約37×34mの規模をもつ鷲ノ木遺跡の環状列石は、これまで道内で知られているものとしては最大で、また1640年の駒ケ岳噴火で厚い火山灰層に覆われたためその後の開発等から守られて保存状態も良好です。
標高70mほどの丘の上が平坦に整地され、中央に長さ4mほどの楕円形に石を並べた「中央配石」があり、そこから15mほど離れて二重に石がめぐらしてあります(「内環」と「外環」)。使われた石は合計約600個で、適当な大きさの石が得られる桂川の河口近くから運んできたと考えられます。
また、環状列石の周囲には「竪穴墓域」と呼ばれる埋葬のための区画がこれまでに2つ発見されており、さらに今回追加指定される見込みの土地からは、縄文時代後期の住居跡や墓と思われるものがみつかっています。
こうした各種の遺構から、環状列石を中心として展開された当時の埋葬や儀式の模様が、今後の研究を通じて明らかになると思われます。

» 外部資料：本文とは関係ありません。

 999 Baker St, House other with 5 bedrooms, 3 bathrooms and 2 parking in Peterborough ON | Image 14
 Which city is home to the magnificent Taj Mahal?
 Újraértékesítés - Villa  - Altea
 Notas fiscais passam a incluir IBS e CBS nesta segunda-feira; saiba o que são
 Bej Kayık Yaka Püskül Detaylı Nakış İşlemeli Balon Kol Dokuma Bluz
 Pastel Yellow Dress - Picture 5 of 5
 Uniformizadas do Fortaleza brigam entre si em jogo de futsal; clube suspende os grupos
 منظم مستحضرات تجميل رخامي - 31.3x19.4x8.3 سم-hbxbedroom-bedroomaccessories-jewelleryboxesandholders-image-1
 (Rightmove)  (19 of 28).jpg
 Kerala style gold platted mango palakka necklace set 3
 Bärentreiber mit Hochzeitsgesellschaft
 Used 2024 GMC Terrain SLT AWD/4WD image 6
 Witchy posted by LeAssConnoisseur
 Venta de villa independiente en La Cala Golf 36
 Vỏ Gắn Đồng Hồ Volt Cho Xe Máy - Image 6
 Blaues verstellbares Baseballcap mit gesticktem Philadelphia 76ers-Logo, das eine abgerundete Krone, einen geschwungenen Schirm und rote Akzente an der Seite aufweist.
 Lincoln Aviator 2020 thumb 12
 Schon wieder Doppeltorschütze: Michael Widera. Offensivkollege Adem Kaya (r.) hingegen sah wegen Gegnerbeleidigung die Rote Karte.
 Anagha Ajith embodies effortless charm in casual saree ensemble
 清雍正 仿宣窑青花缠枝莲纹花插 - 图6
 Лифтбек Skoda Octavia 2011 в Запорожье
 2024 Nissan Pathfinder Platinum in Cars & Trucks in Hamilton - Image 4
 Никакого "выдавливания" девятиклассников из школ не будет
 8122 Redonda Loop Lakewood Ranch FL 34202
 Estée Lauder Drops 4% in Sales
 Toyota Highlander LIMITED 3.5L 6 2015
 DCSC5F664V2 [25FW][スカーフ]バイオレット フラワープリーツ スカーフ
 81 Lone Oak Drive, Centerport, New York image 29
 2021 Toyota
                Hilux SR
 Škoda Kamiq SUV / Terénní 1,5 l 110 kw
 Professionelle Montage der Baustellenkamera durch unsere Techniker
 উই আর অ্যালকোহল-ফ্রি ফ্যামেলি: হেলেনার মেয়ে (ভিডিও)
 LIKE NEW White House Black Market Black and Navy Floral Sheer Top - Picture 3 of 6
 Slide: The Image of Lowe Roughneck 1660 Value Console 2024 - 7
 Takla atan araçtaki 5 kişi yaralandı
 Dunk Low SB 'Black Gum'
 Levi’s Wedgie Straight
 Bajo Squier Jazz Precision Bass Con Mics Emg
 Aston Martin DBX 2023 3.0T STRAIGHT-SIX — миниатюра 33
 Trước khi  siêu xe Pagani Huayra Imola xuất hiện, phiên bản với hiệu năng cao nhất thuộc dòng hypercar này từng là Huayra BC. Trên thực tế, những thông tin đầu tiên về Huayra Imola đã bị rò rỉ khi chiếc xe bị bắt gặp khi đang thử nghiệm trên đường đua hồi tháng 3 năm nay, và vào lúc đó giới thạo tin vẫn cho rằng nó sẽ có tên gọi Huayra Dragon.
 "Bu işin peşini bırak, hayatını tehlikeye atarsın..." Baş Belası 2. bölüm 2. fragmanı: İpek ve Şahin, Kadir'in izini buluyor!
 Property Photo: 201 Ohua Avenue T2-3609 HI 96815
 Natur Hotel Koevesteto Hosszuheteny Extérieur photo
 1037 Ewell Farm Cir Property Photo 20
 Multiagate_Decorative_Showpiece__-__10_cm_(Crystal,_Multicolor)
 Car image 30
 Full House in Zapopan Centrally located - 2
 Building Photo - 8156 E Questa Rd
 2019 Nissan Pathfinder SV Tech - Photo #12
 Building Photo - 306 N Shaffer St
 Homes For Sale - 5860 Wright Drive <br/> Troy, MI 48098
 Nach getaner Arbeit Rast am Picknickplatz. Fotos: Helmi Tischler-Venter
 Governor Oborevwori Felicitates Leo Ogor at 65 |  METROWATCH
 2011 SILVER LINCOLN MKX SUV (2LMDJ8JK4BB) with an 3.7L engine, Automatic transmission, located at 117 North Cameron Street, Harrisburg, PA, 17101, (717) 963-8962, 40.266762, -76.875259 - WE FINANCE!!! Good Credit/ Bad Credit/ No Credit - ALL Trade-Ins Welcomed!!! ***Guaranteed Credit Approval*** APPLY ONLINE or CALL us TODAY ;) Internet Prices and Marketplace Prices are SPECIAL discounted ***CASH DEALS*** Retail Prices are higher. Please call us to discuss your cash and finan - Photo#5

さらに鷲ノ木遺跡は、特別史跡大湯環状列石(鹿角市)や史跡小牧野遺跡(青森市)など東北地方北部の環状列石と、史跡音江環状列石(深川市)や史跡忍路環状列石(小樽市)などに代表される道央地方の環状列石群の間にあって、縄文時代の北日本における文化の交流を証拠だてる遺跡としても、今後重視されるでしょう。